The other is that to add new storage capacity to a Hadoop cluster, you do it by adding DataNodes. DataNodes also have a certain amount of CPU, but you're really adding the DataNodes for capacity as opposed to CPU power. But if you scale up to a 500- or maybe 1,000-node cluster, utilization of CPU actually goes down to single digits. CPU in any given DataNode can only be utilized 4% or 5% in some of these very large clusters. So the enterprise sees that as server sprawl and wonders if there's a way to disaggregate the addition of storage capacity from CPU capacity so you can scale the two independently. And there are ways you can do that as well.
IT pros are aware of these difficulties, so why do we still hear so much about Hadoop? Has it improved since it first came about?
Webster: It's absolutely improved, and it continues to be improved and will be improved. There's significant demand for Hadoop in the enterprise and that's because it can do things that a traditional data warehouse or computing structure can't. It's got a lot of performance at a large scale and at a low cost. [Better performance, scalability and low cost are] three things the enterprise would love to have; they just have to work the bugs out. But once that happens, I think you'll see it really proliferate in production environments. Again, it's a question of what kind of application you're going to run on it, but I think all of that will get worked out in the next few years.
So bottom line: How necessary is Hadoop in big data environments, and if you didn't want to use it, what might some alternatives be?
Webster: There are, and have been, some Hadoop alternatives that live in the SQL community: MySQL, NoSQL, NewSQL. If you program parallel processing clusters in those languages and use those databases, you can do some very scalable analytics as an alternative to Hadoop. So there are definitely alternatives out there.
But just to give an example of the power of Hadoop, I was talking this morning to a financial services company that has five divisions and each one of those divisions has its own set of records on [the] 32,000 companies they follow.
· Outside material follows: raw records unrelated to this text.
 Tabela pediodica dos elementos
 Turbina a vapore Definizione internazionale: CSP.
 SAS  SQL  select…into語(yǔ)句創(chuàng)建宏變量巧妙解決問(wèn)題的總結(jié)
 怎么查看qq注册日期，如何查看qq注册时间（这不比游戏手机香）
What this company wanted to do was go through all of the records it had on all 32,000 companies that it watches to look for signs of trouble, red flags, both in financial resolve and in text data that is submitted to the FCC -- lots of different kinds of data -- structured, unstructured, et cetera. They tried to do this on their traditional computing platforms and came to the conclusion that to do the kinds of things they wanted to do it would take months.
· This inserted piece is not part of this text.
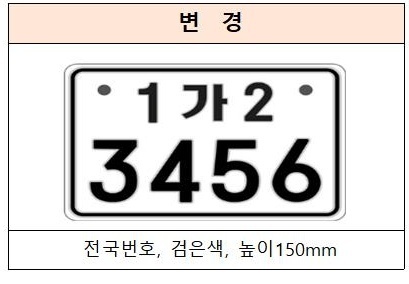 이륜차 '전국번호판' 20일 시행…강릉시 "재발급 불편 해소"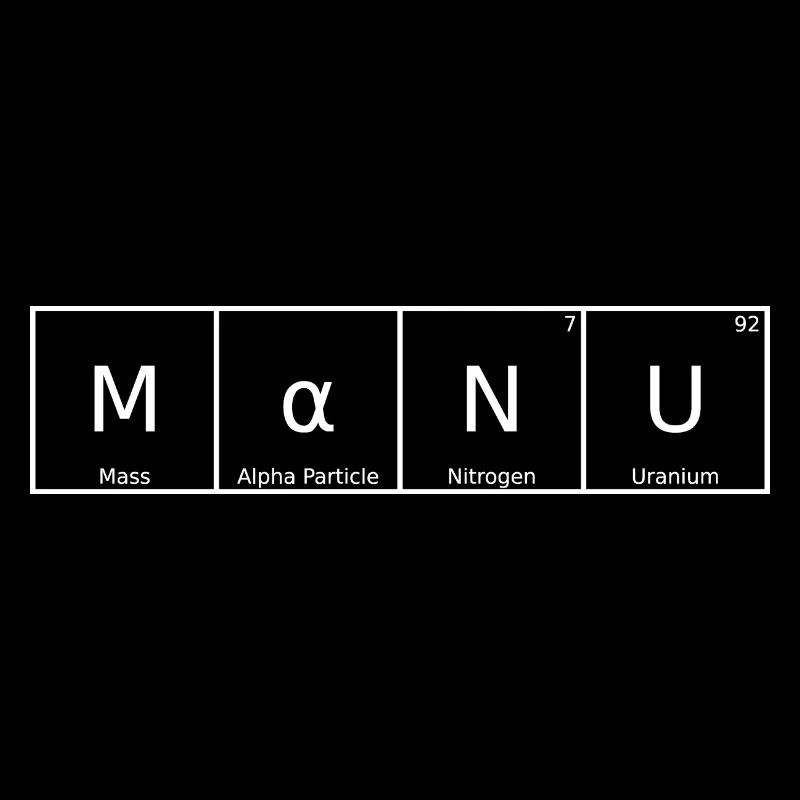 Manu Nom Prénom Chimie Tableau périodique Éléments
So they put up a Hadoop cluster, and not a very large one, and found they could do what they wanted to do in about 30 minutes on three terabytes of compressed data, which is pretty powerful. To go from an application that you think would take months on a standard platform, down to 30 minutes, that's like make or break. That means [administrators say], 'We can't do this application, but now we can with Hadoop.' That's what we're talking about. We're talking about people doing things they just couldn't do before.